I agree, this is the standard you need to judge your solution against. However, this solution has some assumptions baked into it. Here are a few:

  • You have three teams operating 8 timezones from their neighbors (or two timezones spanning 12)
  • No one set of employment laws spans 24 timezones, so these teams will each be under different labor and national holiday laws.
  • Each timezone needs an on-call rotation.
  • The minimum viable on-call rotation per timezone is 3 people, but 6 is far more friendly to the people supporting the site.
  • Due to staffing reasons, your global on-call team needs 9 to 18 people on it (or 6 to 12 for a 12 timezone spread).
  • Due to the timezone spread, each team will have minimal coordination with each other.

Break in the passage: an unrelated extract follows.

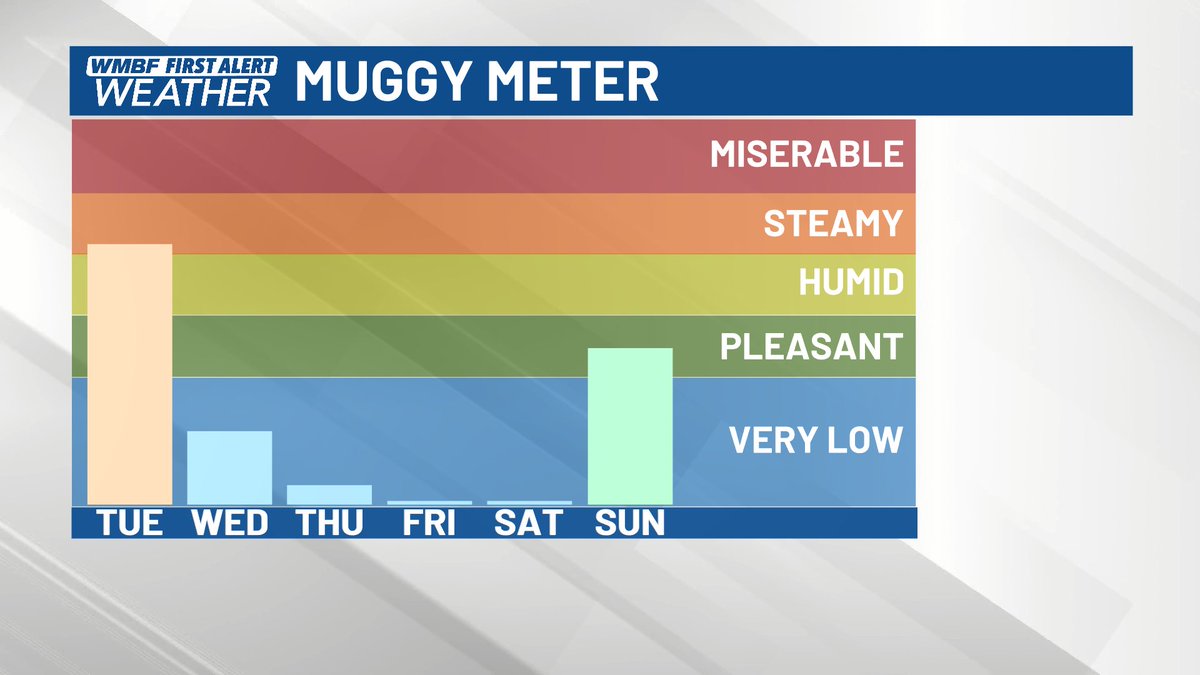 One more day before big changes arrive for the middle of the week! Make sure to make plans to take advantage of the lower humidity to end the week. #scwx #ncwx #myrwx @wmbfnews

What coordination there is will involve one team being on a video-call at o-dark-thirty.
  • You need enough work to keep 9 to 18 people busy in addition to their fire-watch duties.

You know who can pull that off? Really big companies.

You know who can't pull that off? Companies employing in a single labor market, such as the US.

I mean, Guam is a US holding (UTC+10). Theoretically if you had a team in Guam and a team in New York City (UTC-4) you would have a 10 hour difference between them. You could sort of make this work while staying inside the US tax and legal domains, but you're reliant on the technical base of people in Guam which has a population a bit smaller than Des Moines, Iowa. Colonialism means people will think about hiring in Ireland or India before Guam. To do this you need to go international.

Most smaller companies won't go international, way too much paperwork involved at a time when you're supposed to be lean and fast.

I have worked with follow-the-sun exactly once in my career. We had Ops teams in the US East Coast, Poland, and China. It wasn't a true 8/8/8 split, but it was enough of a split that "after hours maintenance" always happened in someone's daytime. It was pretty dang nice. Then we had a layoff round and the Poland office went away. And we fired our Chinese Ops folk to save money, which meant we were waking the US staff up at o-dark-thirty to do maintenance.

I'm conflicted on this advice. On the surface, I totally get the sentiment: keep the annoying shit in everyone's daytime and don't force people to work overnights.

As an industry, we have history with split-shifting and incident response. The night operator used to be a common feature of any company with a computer, the person (or team of people) responsible for loading/unloading tapes, swapping paper for the printer, collating and packaging print-jobs, making sure the batch-jobs ran, calling the SYSOP when things smelled off, and a bunch of other now-forgotten tasks. Most organizations have gotten rid of the night operator for a lot of reasons. The two biggest being:

  1. We've mostly automated the job out of existence. Tapes (if tapes are still in use) are handled by robots. Print-jobs now show up as a PDF in your email. Batch-schedulers are really fancy now, so getting those batch-jobs run is highly automated. Monitoring systems keep track of way more things than we could track in the night operator era.
  2. No one wants to work overnights. Like, no one. At least not enough to easily find a replacement when the one person who does like it decides to leave/retire.

(The second point hit WWU while I was there)

As an industry we no longer have tradition of doing shift-work. The robust expectation is we'll have a day-time job and go home in the evenings. If you offer me an overnight job at +30% pay -- I'll take it for a while, but I'm still job-hunting for a real daytime job. Not sustainable, which is why on-call is how we're solving the one night operator task we couldn't automate out of existence: incident response.

Everyone needs some way to do incident response, even if they're 15 people with a big idea and a website -- far too small to be doing follow-the-sun rotations. Are they supposed to make it clear that you only guarantee availability certain hours? I think there is some legs in that idea, but the site will be negatively compared with the site next door that offers 24/7 availability (at the cost of little sleep for their few engineers).

Forcing change to the idea that Ops-type work is always done with a pager attached with unknown extra hours will take a shit-ton of work. Sea changes like that don't happen naturally. We cross-faded from night operators to on-call rotations due to the changing nature of the role: there wasn't enough work to do on the 11pm to 7am shift to keep someone fully occupied, so we tacked those duties onto the 7am-3pm crew (who now work a nicer 9am to 5pm schedule).

The only way to break the need for on-call for Ops-type roles is to stop making availability promises when you're not staffed to support it with people responding as part of their normal working hours. If your support-desk isn't answering the phone, site availability shouldn't be promised.

It's that or unionizing the entire sector.